● **Exercise aim**: Please give all of the data again, character for character, and drop the pictures.

[Captioned web images]
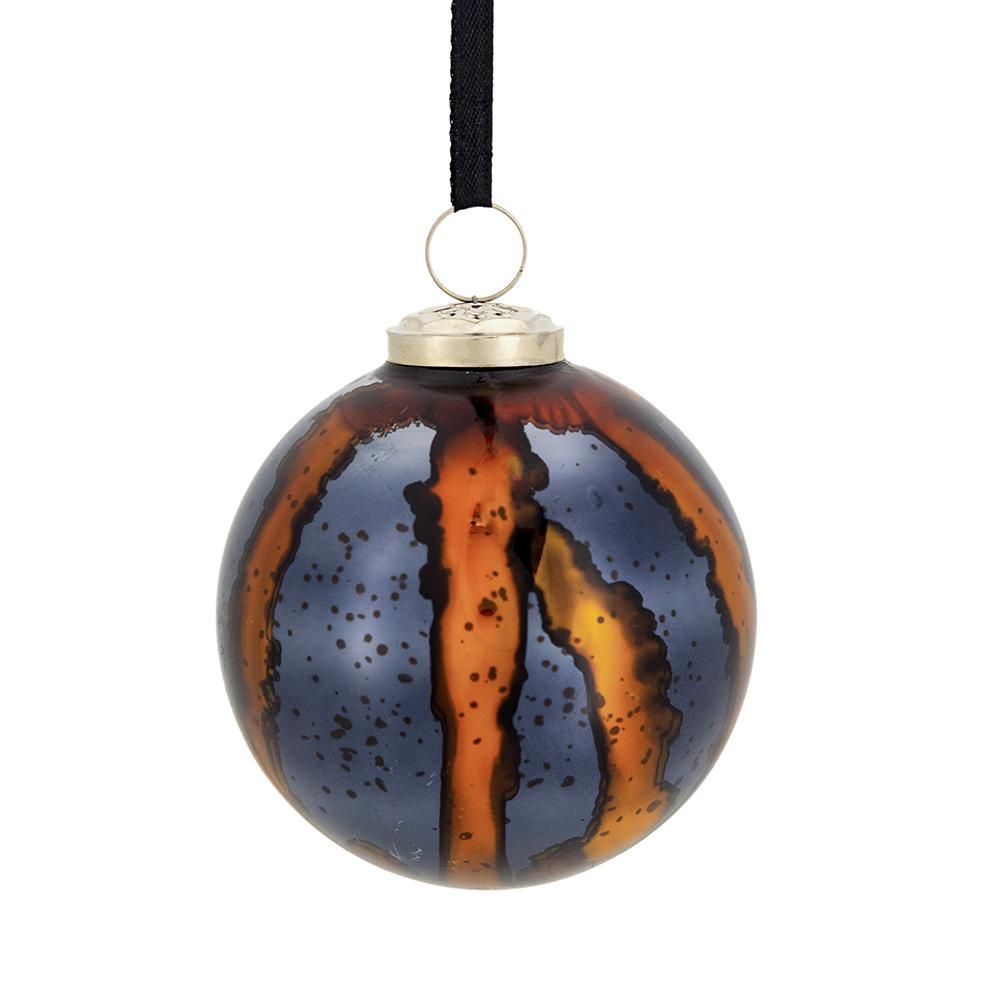 D3.9" Christmas Ball Ornaments, Glass Decorative Hanging Ball Christmas Tree Ornaments for Holiday Party Decorations, Set of 6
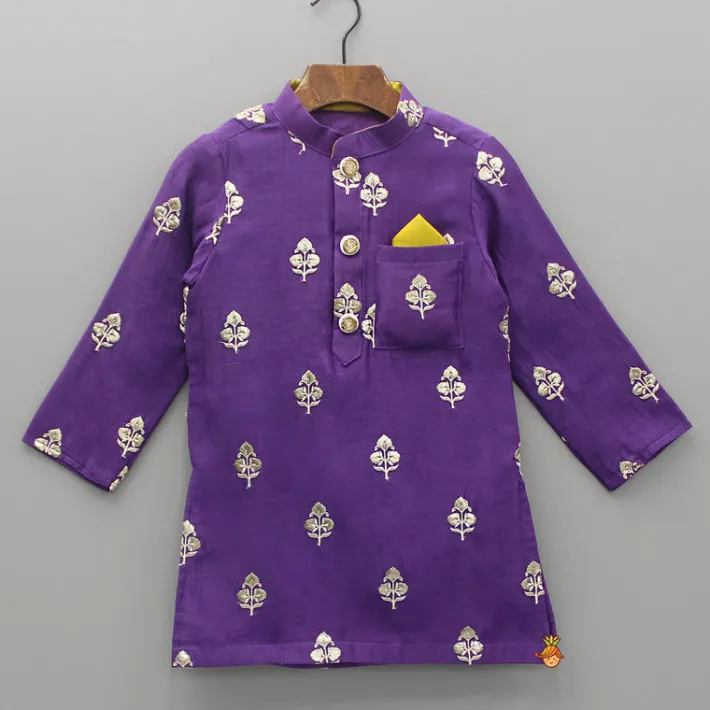 Hot Embroidered Purple Kurta And Mustard Dhoti BOY Indian Ethnic Wear | Ethnic Sets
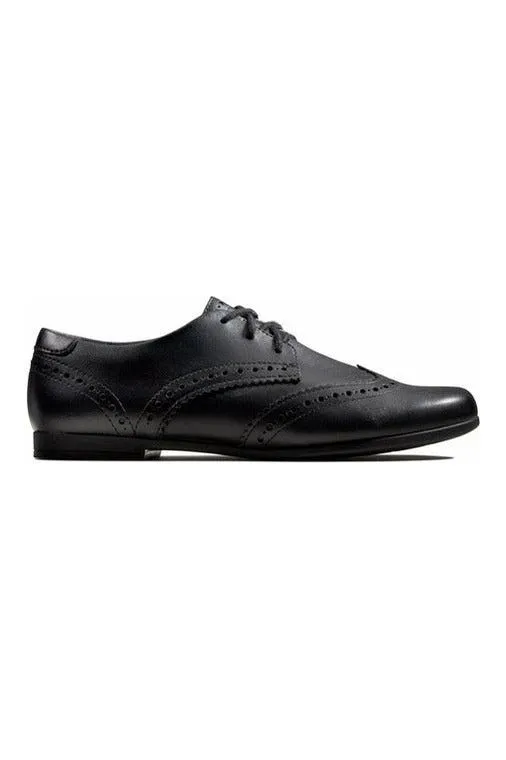 Clarks Scala Lace Kid Black Leather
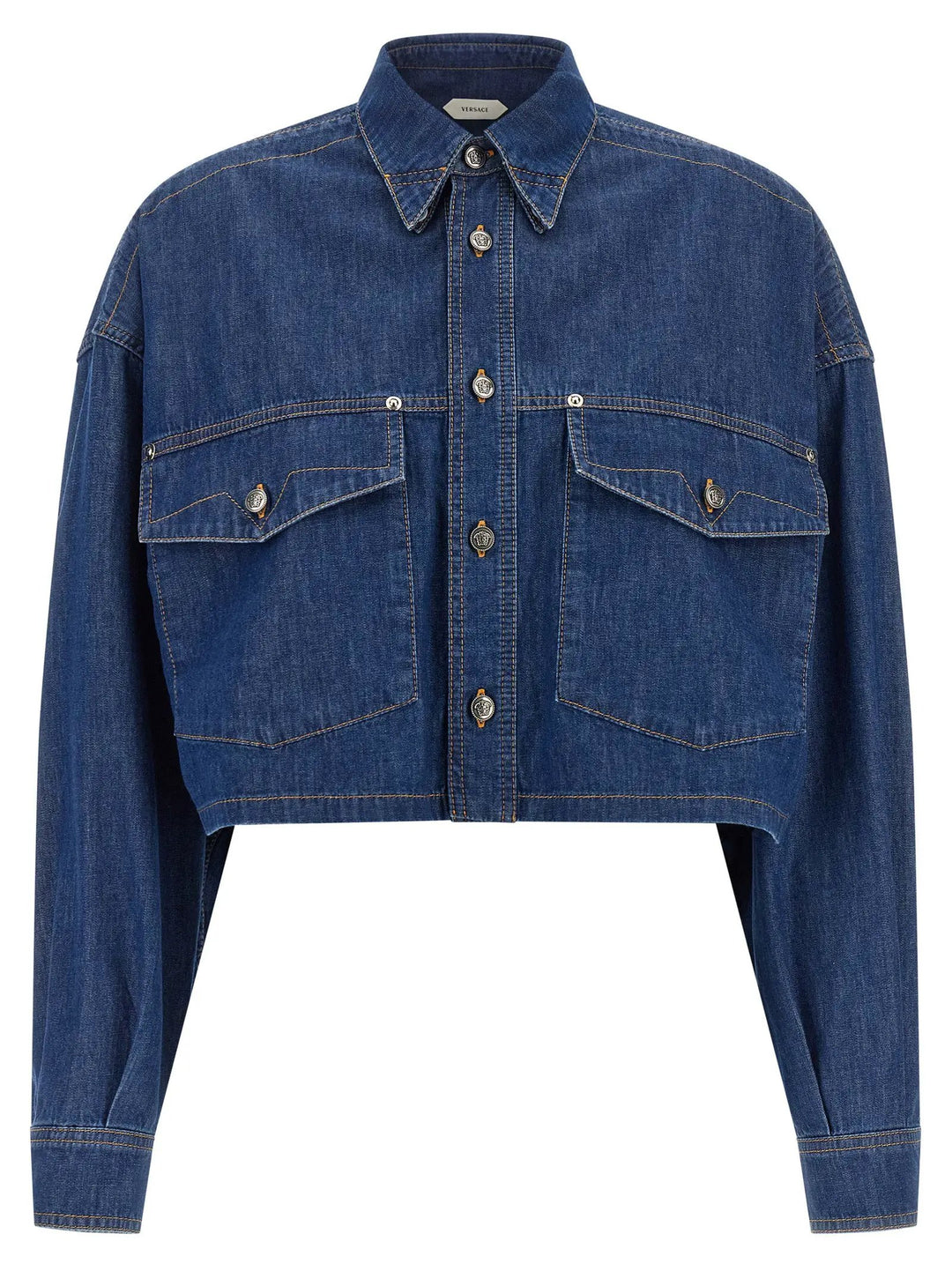 Versace Sample Sale | Versace Blue Cotton Blouse - | Designer outlet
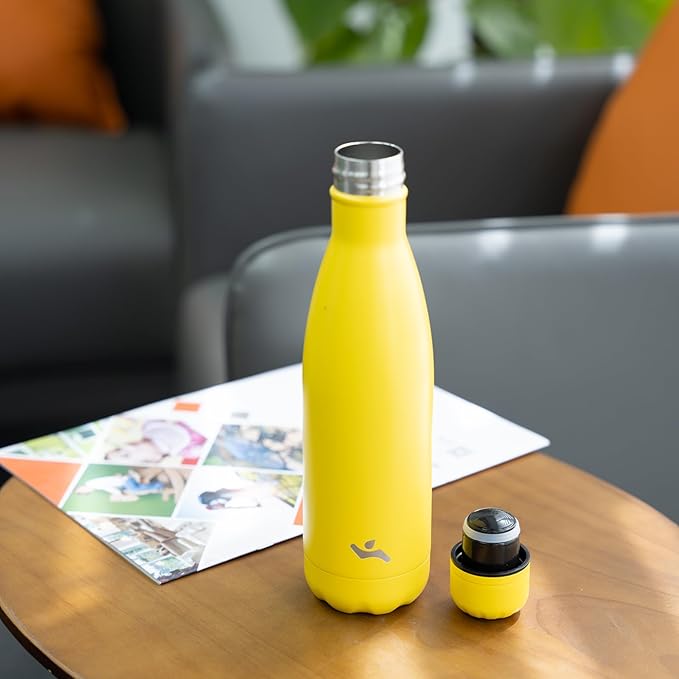Insulated Water Bottles,25 oz Double Wall Stainless Steel Vacumm Metal Flask for Sports Travel,Yellow-Ruum Studio Home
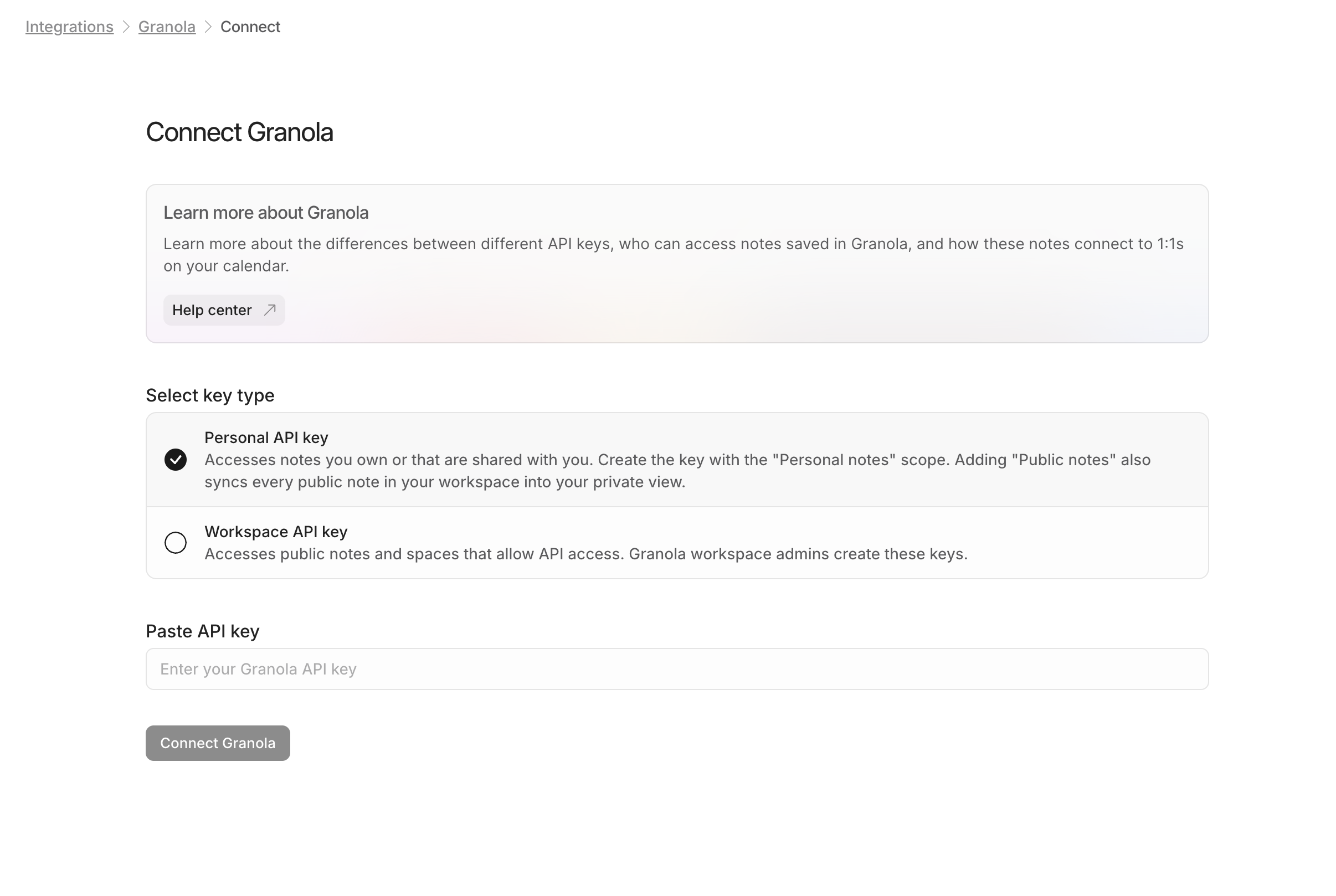 Windmill's Connect Granola page with the Personal API key and Workspace API key options and the API key input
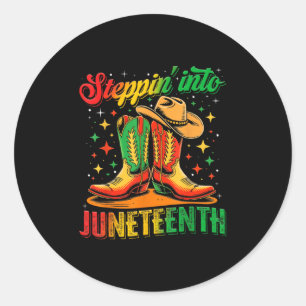 Stap in Juneteenth Boots Afrikaanse Afro vrouw Ronde Sticker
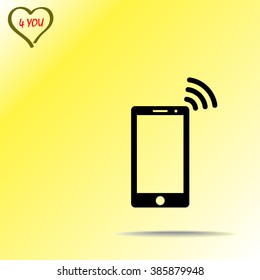 Mobile phone with wireless sign icon, vector illustration. Flat design style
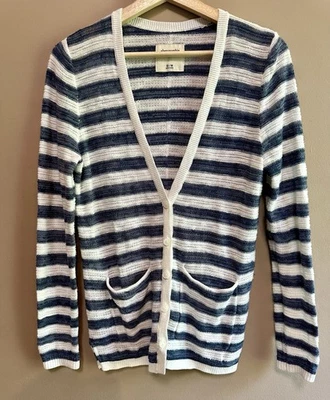 Cárdigan ABERCROMBIE Niños Niñas Azul Blanco Rayas Abotonado Algodón Talla 13/14 Foto 1 de 4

● **Answer below**:
 D3.9" Christmas Ball Ornaments, Glass Decorative Hanging Ball Christmas Tree Ornaments for Holiday Party Decorations, Set of 6
 Hot Embroidered Purple Kurta And Mustard Dhoti BOY Indian Ethnic Wear | Ethnic Sets
 Clarks Scala Lace Kid Black Leather
 Versace Sample Sale | Versace Blue Cotton Blouse - | Designer outlet
Insulated Water Bottles,25 oz Double Wall Stainless Steel Vacumm Metal Flask for Sports Travel,Yellow-Ruum Studio Home
 Windmill's Connect Granola page with the Personal API key and Workspace API key options and the API key input
 Stap in Juneteenth Boots Afrikaanse Afro vrouw Ronde Sticker
 Mobile phone with wireless sign icon, vector illustration. Flat design style
 Cárdigan ABERCROMBIE Niños Niñas Azul Blanco Rayas Abotonado Algodón Talla 13/14 Foto 1 de 4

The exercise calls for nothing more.